Wasserbürger-Kommentar zur Sendung

Um die Antwort vorweg zu nehmen: Schlecht geht Deutschland mit jenen Menschen um, die versuchen, die Öffentlichkeit über unhaltbare Mißstände zu informieren. Eine gesetzliche Grundlage zum Schutz von Whistleblowern bzw. Insidern aus Betrieben, Unternehmen und anderen Organisationen ist bis heute nicht geschaffen worden! Diese Unterlassung steht in einem elementaren Widerspruch zu jenem „Aufruf der Anständigen“ des ehemaligen „Superministers“ Wolfgang Clement, der gemeinsam mit anderen „Führungskräften“ alle Bürger aufrief, auffällige Harzt IV Betroffene umgehend zu melden bzw. zu denunzieren.

Link zur Sendung

Eine längst überfällige gesetzliche Regelung zum Schutz von Insidern könnte folgendermaßen aussehen:

BGB § 612a Anzeigerecht
(1) Ist ein Arbeitnehmer auf Grund konkreter Anhaltspunkte der Auffassung, dass im Betrieb oder bei einer betrieblichen Tätigkeit gesetzliche Pflichten verletzt werden, kann er sich an den Arbeitgeber oder eine zur innerbetrieblichen Klärung zuständige Stelle wenden und Abhilfe verlangen. Kommt der Arbeitgeber dem Verlangen nach Abhilfe nicht oder nicht ausreichend nach, hat der Arbeitnehmer das Recht, sich an eine zuständige außerbetriebliche Stelle zu wenden.
(2) Ein vorheriges Verlangen nach Abhilfe ist nicht erforderlich, wenn dies dem Arbeitnehmer nicht zumutbar ist. Unzumutbar ist ein solches Verlangen stets, wenn der Arbeitnehmer aufgrund konkreter Anhaltspunkte der Auffassung ist, dass
1. aus dem Betrieb eine unmittelbare Gefahr für Leben oder Gesundheit von Menschen oder für die Umwelt droht,
2. der Arbeitgeber oder ein anderer Arbeitnehmer eine Straftat begangen hat,
3. eine Straftat geplant ist, durch deren Nichtanzeige er sich selbst der  Strafverfolgung aussetzen würde,
4. eine innerbetriebliche Abhilfe nicht oder nicht ausreichend erfolgen wird.
(3) Von den Absätzen 1 und 2 kann nicht zuungunsten des Arbeitnehmers abgewichen werden.
(4) Beschwerderechte des Arbeitnehmers nach anderen Rechtsvorschriften und die Rechte der Arbeitnehmervertretungen bleiben unberührt.

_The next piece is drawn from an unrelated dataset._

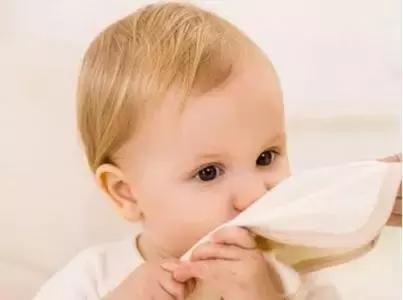 小孩子鼻塞怎么办怎样让鼻通气，宝宝鼻塞不通气小妙招（宝宝鼻塞，很实用的通气妙招）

Eine solche Regelung zum Schutz von Arbeitnehmer geht dem Lager der  Arbeitgeber zu weit: So sieht der BDA hierin nicht nur ein Risiko für das Vertrauensverhältnis zwischen Arbeitgeber und Arbeitnehmer, sondern sieht auch den Betriebsfrieden gefährdet. Angeblich bestünde die Gefahr, dass  Denunziantentum gefördert wird, was bei öffentlichkeitsrelevanten Nachrichten aufgrund der negativen Publizität auch nachteilige Folgen für das gesamte Unternehmen einschließlich der Arbeitsplätze haben kann. Ist eine Tatsache erst einmal öffentlich bekannt gemacht, lässt sie sich kaum noch ohne Imageverlust wieder aus der Welt schaffen. Dabei spielt es keine Rolle, ob die Vorwürfe berechtigter oder unberechtigter Weise gemacht wurden. Das beabsichtige Gesetz wird insbesondere auch deshalb kritisiert, weil es einige handwerkliche Mängel aufweist und an entscheidender Stelle zu weit bzw. zu unbestimmt ist.

Diese BDA-Plattitüden mögen freilich nicht überzeugen: Gerade was die behauptete Gefährung des Betriebsfriedens betrifft, würde erst ein gesetzlicher Insider-Schutz den Druck auf die Arbeitgeber erhöhen, innerbetriebliche Schlichtungsstellen einzuberufen, um eine Störung des Betriebsfriedens erst gar nicht entstehen zu lassen!
Völlig außer acht gelassen wird außerdem, dass im Fall einer Insider-Anzeige zunächst ein staatswanwaltliches Ermittlungsverfahren eingeleitet wird, um zu überprüfen, ob die Anzeige auf einer berechtigten Grundlage basiert. Und was den befürchteten Imageverlust betrifft, da wird keine Redaktion einer Tageszeitung ein Unternehmen ohne eine fundierte journalistische und juristische Überprüfung öffentlich kritisieren, da ansonsten das zu Unrecht geschädigte Unternehmen umfangreiche Regressforderungen gegenüber der Presse geltend machen kann und wird. Wir erinnern in diesem Zusammenhang an den brillanten Spielfilm „Insider“ des amerikanischen Regisseur Michael Mann nach einer wahren Begebenheit. Es geht in dem Film über die Macht der Tabakindustrie, die versucht hat, eine Sendung eines führenden Nachrichtensenders über den Bericht eines ehemaligen Forschungsleiters von krebserregenden Beimischungen zu verhindern.